Given material:
****************************************
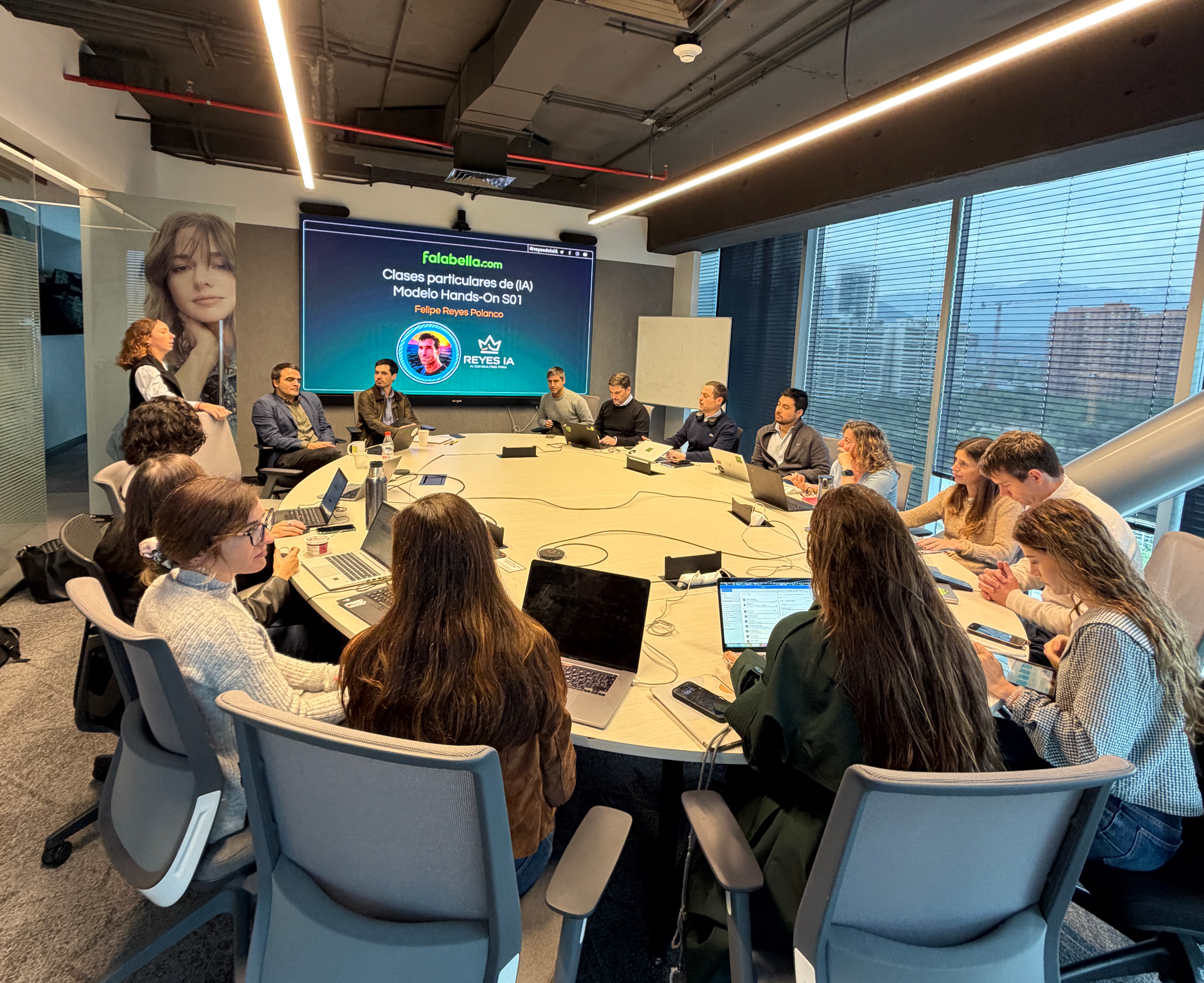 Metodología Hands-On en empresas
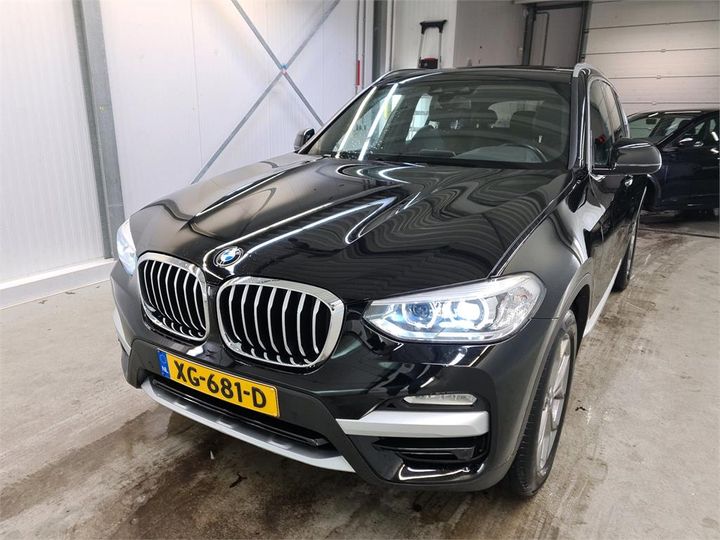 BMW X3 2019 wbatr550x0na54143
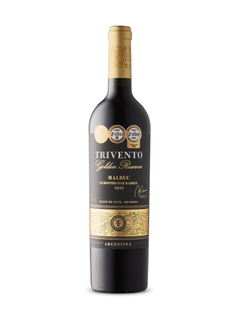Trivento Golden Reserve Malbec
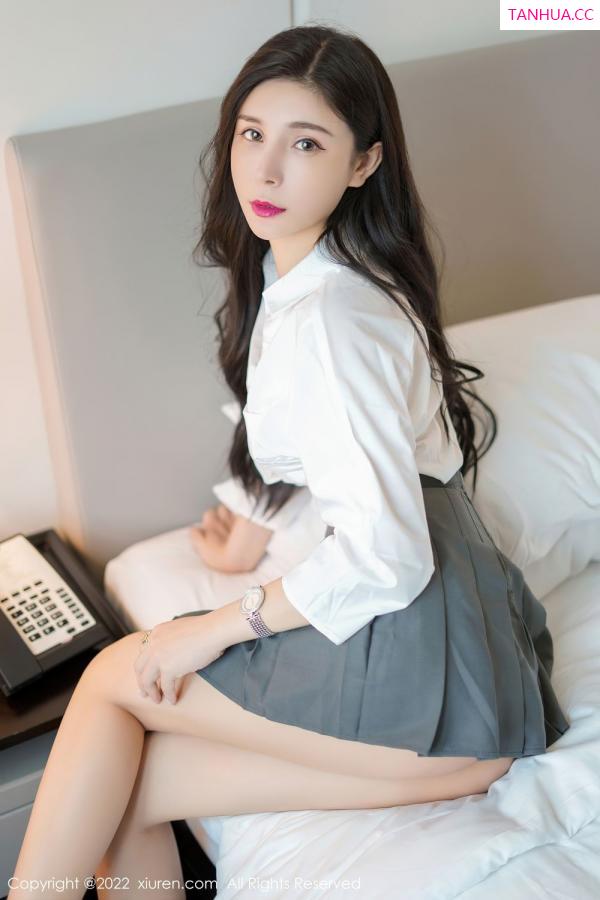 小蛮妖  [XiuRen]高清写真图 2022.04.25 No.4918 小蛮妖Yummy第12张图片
****************************************
Since the pictures are not wanted, give the material again exactly without them.

Response to the task:
 Metodología Hands-On en empresas
 BMW X3 2019 wbatr550x0na54143
Trivento Golden Reserve Malbec
 小蛮妖  [XiuRen]高清写真图 2022.04.25 No.4918 小蛮妖Yummy第12张图片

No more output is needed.